Transcribe the following records exactly, images excluded.

*Data for this exercise*
=== Section Start ===
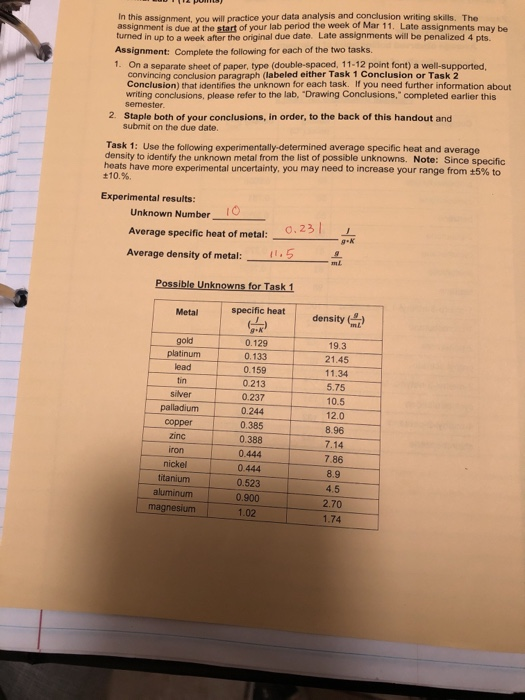 Solved In this assignment, you will practice your data | Chegg.com
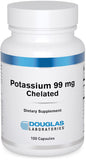 Douglas Laboratories Potassium Supplement bottle front view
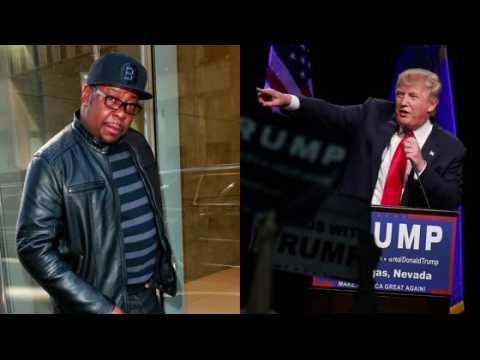 VIDEO : Bobby Brown, comme beaucoup d'autres stars  Hollywood, n'est pas un fan de Donald Trump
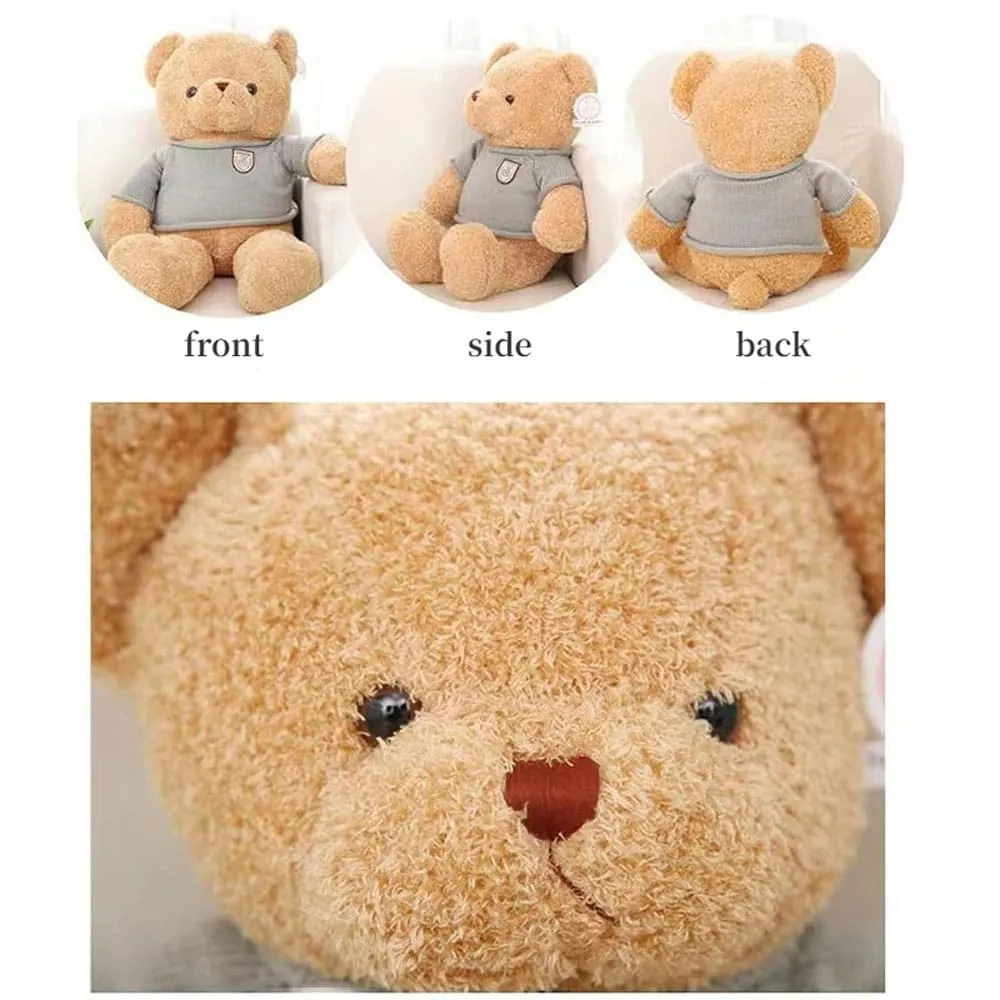 Stuffed Teddy Bear Nanny Camera with Voice Recording and Live Viewing for Child Safety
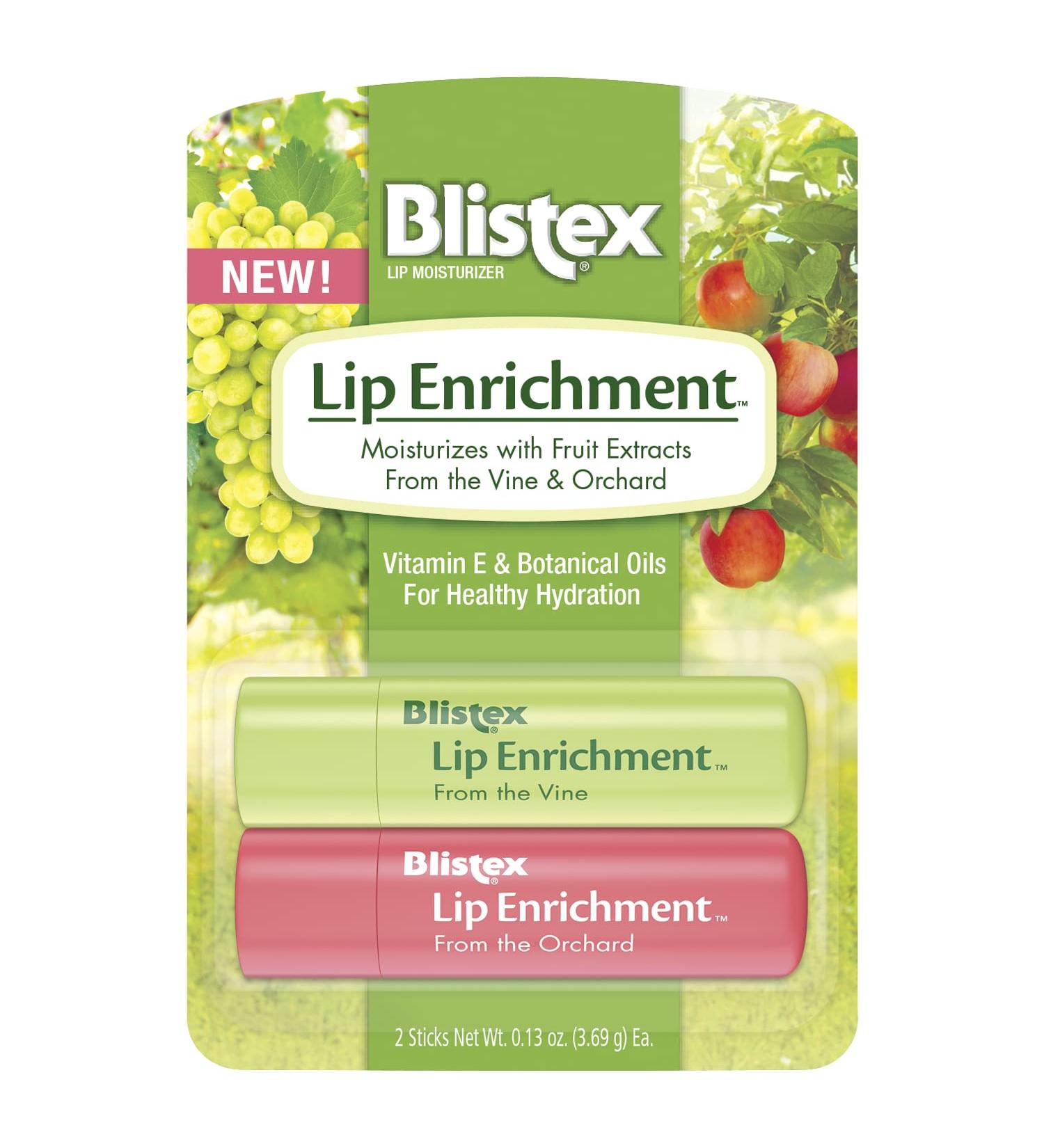 Blistex Lip Enrichment Lip Moisturizer - Hydrating Lip Care Solution - Buy Online on GoSupps.com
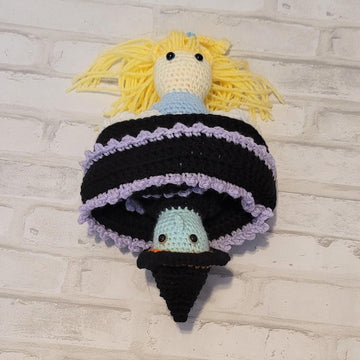 Witch Topsy-Turvy Doll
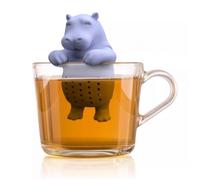 MAGS, INFUSORE PER TE' A FORMA DI IPPOPOTAMO, ACCESSORI CUCINA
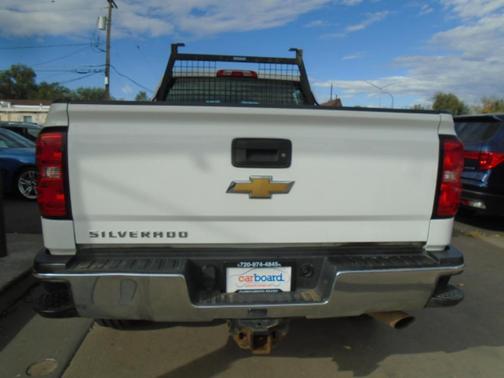 2017 Chevrolet Silverado 2500 WT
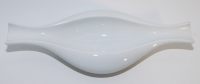 Schale Rosenthal Design Wirkkala Bonbonform klassisch weiß 21,5x8cm (N)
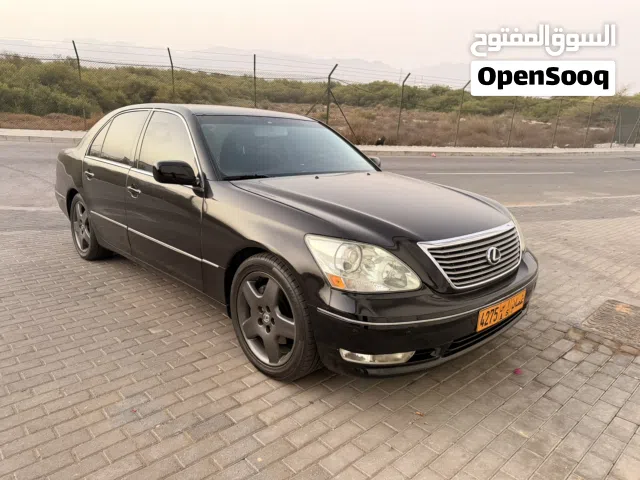 لكزس ال اس 430 موديل 2004 نظيف صيانة مستمره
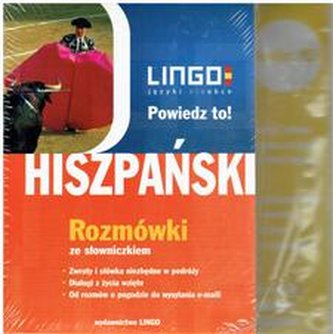 Powiedz to! Hiszpański rozmówki + audio CD
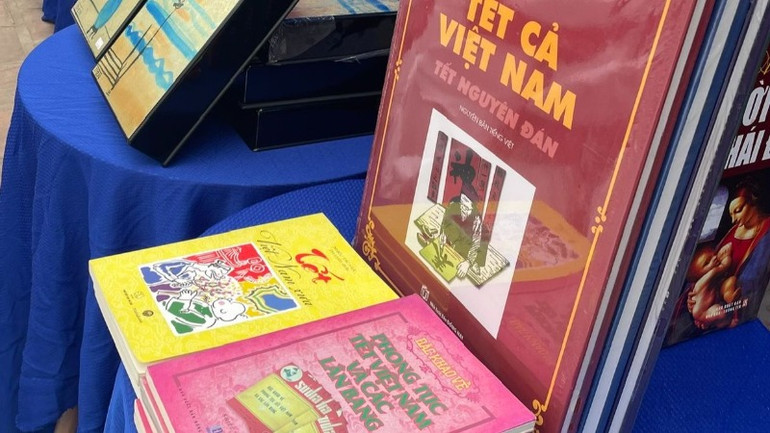 Một số ấn phẩm sách Tết được giới thiệu tại.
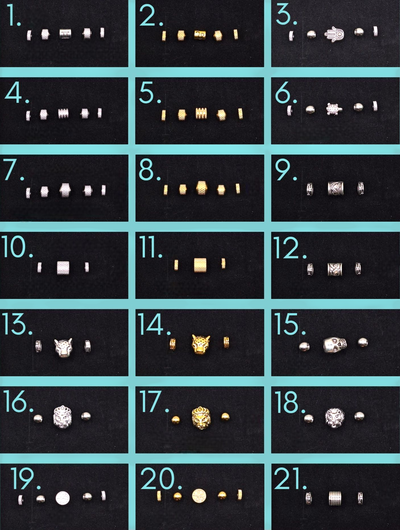 Obsidiaan armband
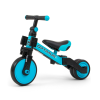 Milly Mally Optimus Blue 3az 1-ben Tricikli - Kék (25078)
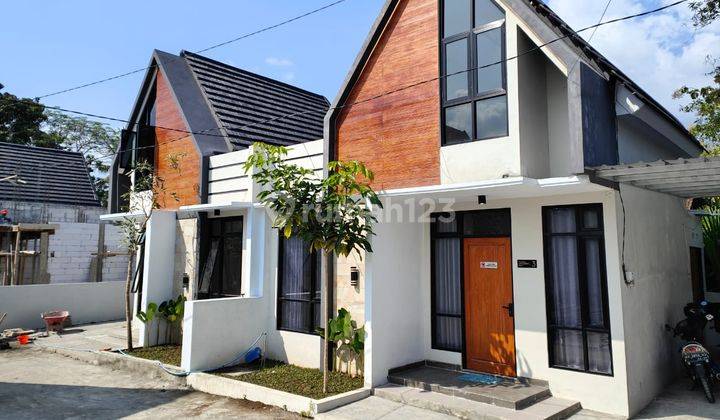 Rumah Murah Scandinavian Promo Kpr 17 Jt All In di Kasihan 1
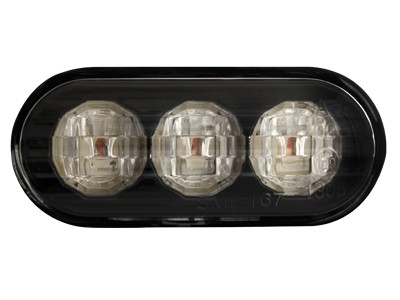 Indicators LED VW Black/Chrome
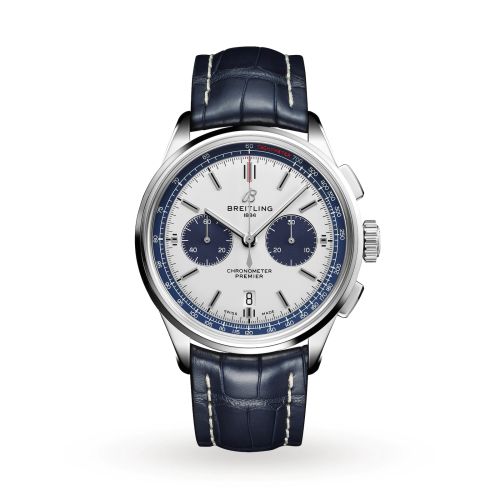 Breitling Premier B01 Chronograph 42 Watches of Switzerland AB01186A1G1P1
=== Section End ===
*Expected answer*
 Solved In this assignment, you will practice your data | Chegg.com
 Douglas Laboratories Potassium Supplement bottle front view
 VIDEO : Bobby Brown, comme beaucoup d'autres stars  Hollywood, n'est pas un fan de Donald Trump
 Stuffed Teddy Bear Nanny Camera with Voice Recording and Live Viewing for Child Safety
 Blistex Lip Enrichment Lip Moisturizer - Hydrating Lip Care Solution - Buy Online on GoSupps.com
 Witch Topsy-Turvy Doll
 MAGS, INFUSORE PER TE' A FORMA DI IPPOPOTAMO, ACCESSORI CUCINA
 2017 Chevrolet Silverado 2500 WT
 Schale Rosenthal Design Wirkkala Bonbonform klassisch weiß 21,5x8cm (N)
 لكزس ال اس 430 موديل 2004 نظيف صيانة مستمره
 Powiedz to! Hiszpański rozmówki + audio CD
 Một số ấn phẩm sách Tết được giới thiệu tại.
 Obsidiaan armband
 Milly Mally Optimus Blue 3az 1-ben Tricikli - Kék (25078)
 Rumah Murah Scandinavian Promo Kpr 17 Jt All In di Kasihan 1
 Indicators LED VW Black/Chrome
 Breitling Premier B01 Chronograph 42 Watches of Switzerland AB01186A1G1P1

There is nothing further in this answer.